8. A blockchain audit information screening system, characterized in that, The system includes: The log acquisition module is used to acquire the original audit logs in the blockchain network. The original audit logs include the operation subject identifier, the operation object identifier, the operation behavior type, and the operation timestamp. An index structure generation module is used to construct a first index based on the operation timestamp, a second index based on the operation subject identifier and the operation object identifier, a third index based on the operation behavior type, and generate an audit data index structure of the first index, the second index and the third index; The filtering threshold determination module is used to receive security event description information input by the user, and generate an audit event feature vector based on the security event description information; retrieve a candidate audit log set from the audit data index structure based on the audit event feature vector, and calculate the information correlation degree between the audit event feature vector and each log in the candidate audit log set; obtain the mean and standard deviation of the information correlation degree in the candidate audit log set, and determine a dynamic filtering threshold based on the mean and the standard deviation; The filtering report determination module is used to filter audit logs whose information relevance is greater than the dynamic filtering threshold as target logs, and select a preset number of target logs as filtering results in descending order of information relevance; arrange the filtering results by timestamp to form an audit trajectory chain, and output a structured filtering report containing the audit trajectory chain.
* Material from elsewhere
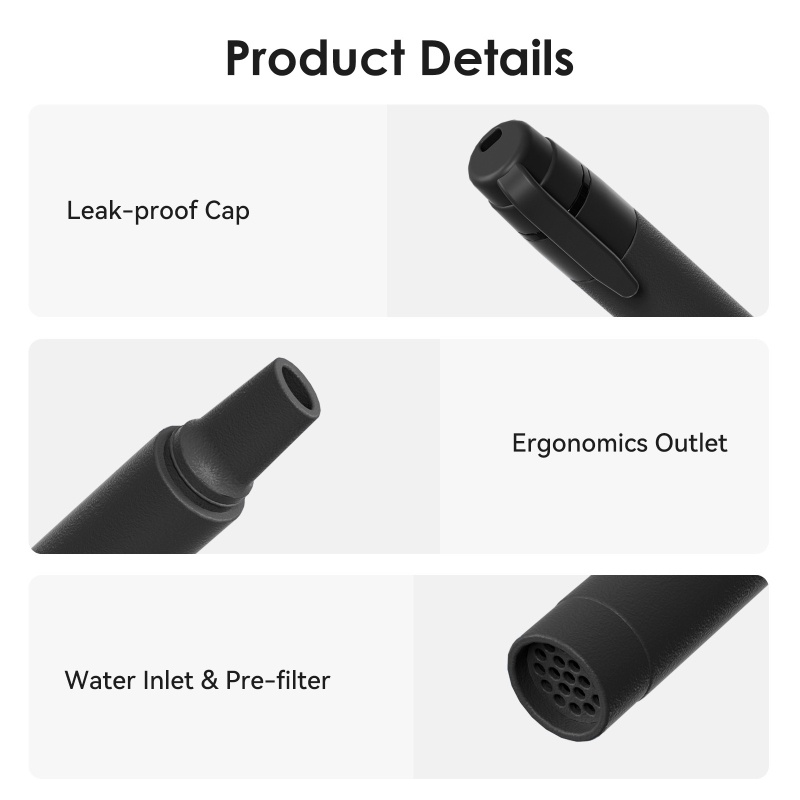 Wasserfilter-Strohhalm für den – Outdoor Camping Water Filter Bewertung und Preis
9. An electronic device, characterized in that, The device includes a processor, a memory, a user interface, and a network interface. The memory is used to store instructions, the user interface and the network interface are used to communicate with other devices, and the processor is used to execute the instructions stored in the memory to enable the electronic device to perform the blockchain audit information filtering method as described in any one of claims 1-7.

10. A computer-readable storage medium, characterized in that, The computer-readable storage medium stores instructions that, when executed, perform the blockchain audit information filtering method as described in any one of claims 1-7.